Question

Two spherical black-bodies A and B, having radii ${r_A}$ and ${r_B}$ , where ${r_B} = 2{r_A}$ emit radiations with peak intensities at wavelengths $400\,nm$ and $800\,nm$ respectively. If their temperature are ${T_A}$ and ${T_B}$ respectively in Kelvin scale, their emissive powers are ${E_A}$ and ${E_B}$ and energies emitted per second are ${P_A}$ and ${P_B}$ then:
(A) $\dfrac{{{T_A}}}{{{T_B}}} = 2$
(B) $\dfrac{{{P_A}}}{{{P_B}}} = 4$
(C) $\dfrac{{{E_A}}}{{{E_B}}} = 8$
(D) $\dfrac{{{E_A}}}{{{E_B}}} = 4$

Answer 1

Hint : In order to solve the problem we should first understand about the Thermal Radiation. The electromagnetic radiation produced by the thermal motion of particles in matter is known as thermal radiation. Thermal radiation is emitted by all materials with a temperature greater than absolute zero. Charge-acceleration or dipole oscillation occurs as a result of particle motion, resulting in electromagnetic radiation.

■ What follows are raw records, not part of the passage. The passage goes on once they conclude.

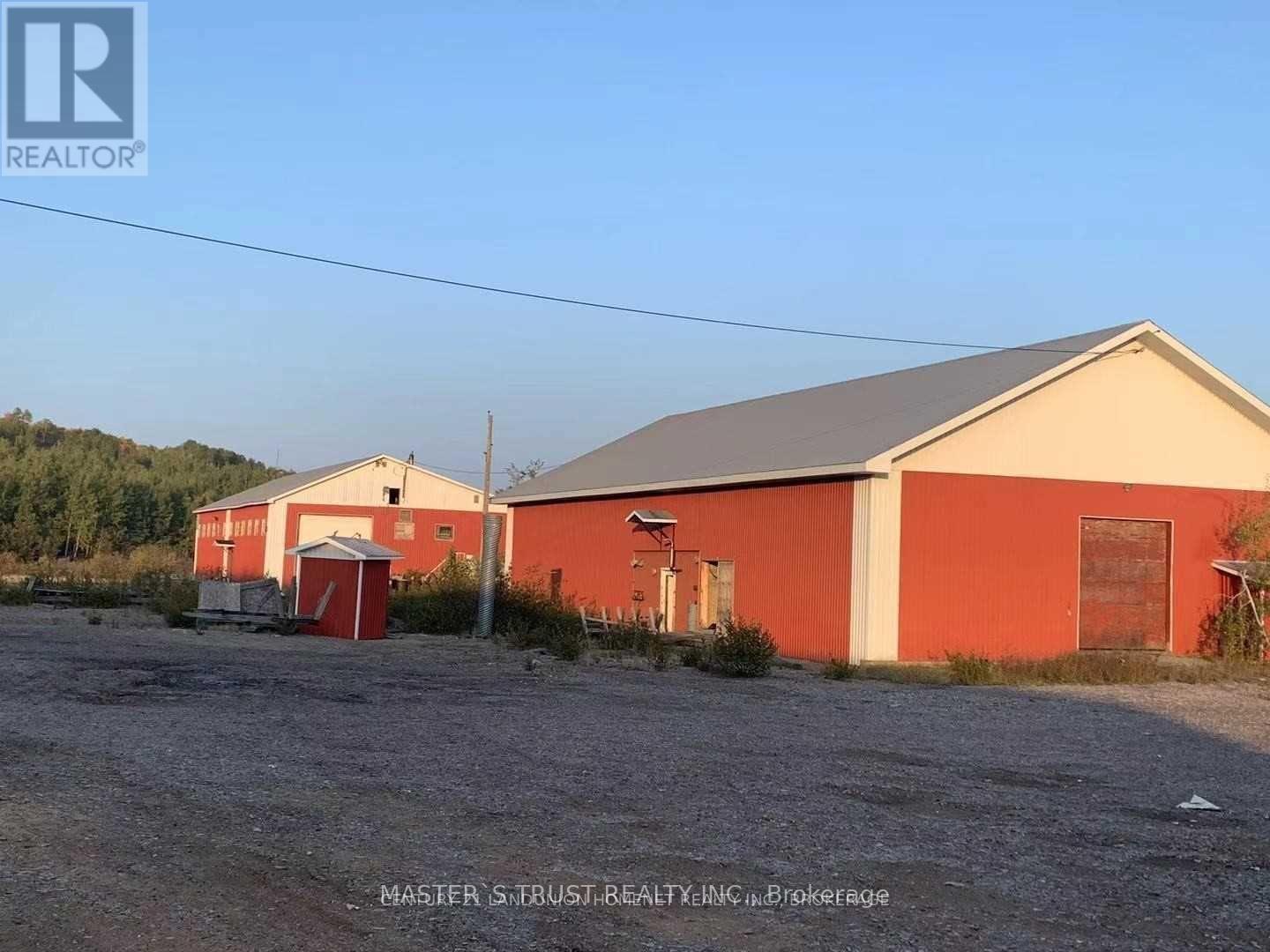 303 Martel Road N, Chapleau, Ontario  P0M 1K0 - Photo 2 - X12906704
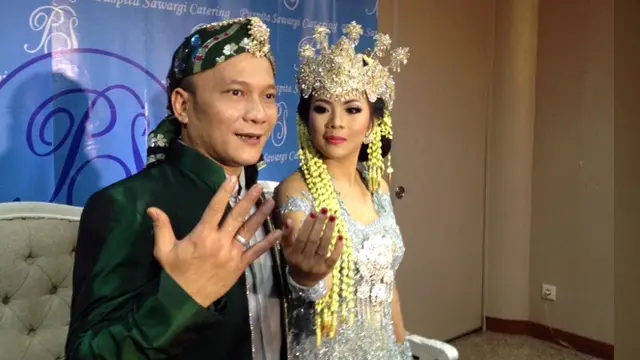 Iwa K dan Istri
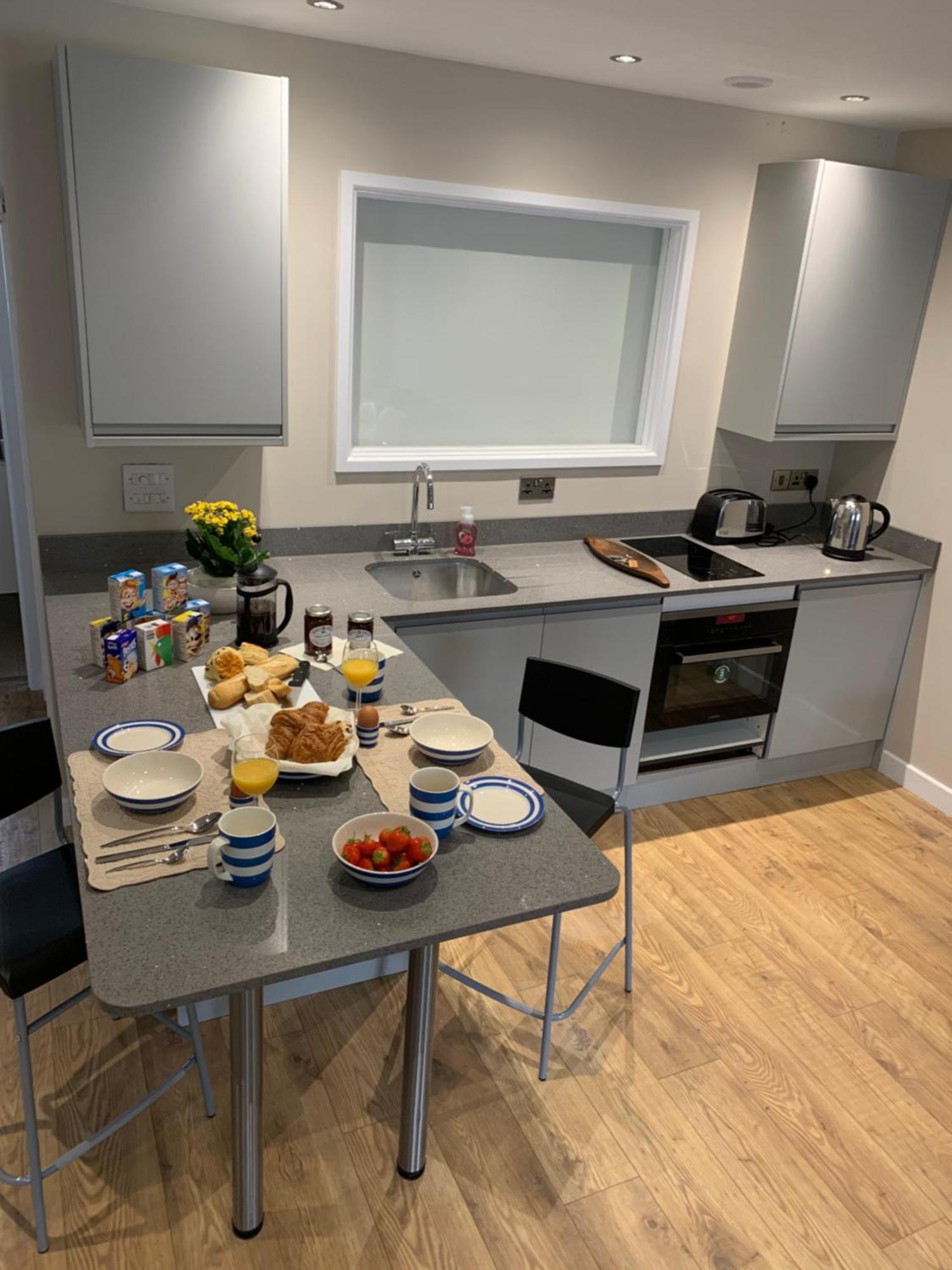 Lovely Flat, Balcony & Woodstove, Parking Close Apartment St Agnes (Cornwall)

Complete Step By Step Answer:
Thermal characteristics are those of a material that are related to its heat conductivity. In other words, these are the qualities that a material exhibits when heat is applied to it. Thermal properties are part of the larger issue of material physical properties.
The black-body radiation curve for different temperatures will peak at distinct wavelengths that are inversely proportional to the temperature, according to Wien's displacement law. The Planck radiation law, which specifies the spectrum brightness of black-body radiation as a function of wavelength at any given temperature, causes that peak to shift. Wilhelm Wien discovered it several years before Max Planck produced the more general equation, and it describes the full change of the spectrum of black-body radiation toward shorter wavelengths as temperature rises.
The spectrum brightness of black-body radiation per unit wavelength, according to Wien's displacement law, peaks at the wavelength ${\lambda _{peak}}$ given by:
${\lambda _{peak}} = \dfrac{b}{T}$
T stands for absolute temperature. The Wien's displacement constant, b, is a proportionality constant equal to $\approx 2898\,\mu m \cdot K.$
Given:
Wavelength of black-body A is: ${\lambda _A} = 400\,nm$
Wavelength of black-body B is: ${\lambda _B} = \,800\,nm$
${r_B} = 2{r_A}$ .
According to Wien’s law: ${\lambda _{peak}} = \dfrac{b}{T}$
$\therefore {\lambda _A} = \dfrac{b}{{{T_A}}}$
$\therefore {\lambda _B} = \dfrac{b}{{{T_B}}}$
$\Rightarrow \dfrac{{{\lambda _A}}}{{{\lambda _B}}} = \dfrac{{\dfrac{b}{{{T_A}}}}}{{\dfrac{b}{{{T_B}}}}}$
$\Rightarrow \dfrac{{{\lambda _A}}}{{{\lambda _B}}} = \dfrac{{\dfrac{1}{{{T_A}}}}}{{\dfrac{1}{{{T_B}}}}}$
$\Rightarrow \dfrac{{{\lambda _A}}}{{{\lambda _B}}} = \dfrac{{{T_B}}}{{{T_A}}}$
$\Rightarrow \dfrac{{{T_A}}}{{{T_B}}} = \dfrac{{{\lambda _A}}}{{{\lambda _B}}} = \dfrac{{400}}{{800}} = \dfrac{1}{2}$
$\Rightarrow \dfrac{{{T_A}}}{{{T_B}}} = 2$
$Power = \sigma \times A \times {T^4}$
Where, $\sigma = \,5.670 \times {10^{ - 8\,}}W.{m^{ - 2}} \cdot {K^{ - 4}}$ is the Stefan-Boltzmann constant.
$T =$ Absolute temperature
$A =$ Surface area of object
$\dfrac{{{P_A}}}{{{P_B}}} = \dfrac{{\sigma \times {A_A} \times {{({T_A})}^4}}}{{\sigma \times {A_B} \times {{({T_B})}^4}}} = \dfrac{{4\pi {{({r_A})}^2}}}{{4\pi {{({r_B})}^2}}} \times {\left( {\dfrac{{{T_A}}}{{{T_B}}}} \right)^4}$
$\dfrac{{{P_A}}}{{{P_B}}} = {\left( {\dfrac{1}{2}} \right)^2} \times {2^4} = {2^2} = 4$
$\dfrac{{{P_A}}}{{{P_B}}} = 4$
So, option (A) and (B) are correct.

Note :
Blackbody radiation occurs when a radiation object has the physical features of a black body in thermodynamic equilibrium. The spectrum of blackbody radiation is described by Planck's law, which is purely dependent on the temperature of the object. The most likely frequency of the emitted radiation is determined by Wien's displacement equation, and the radiant intensity is determined by the Stefan–Boltzmann law.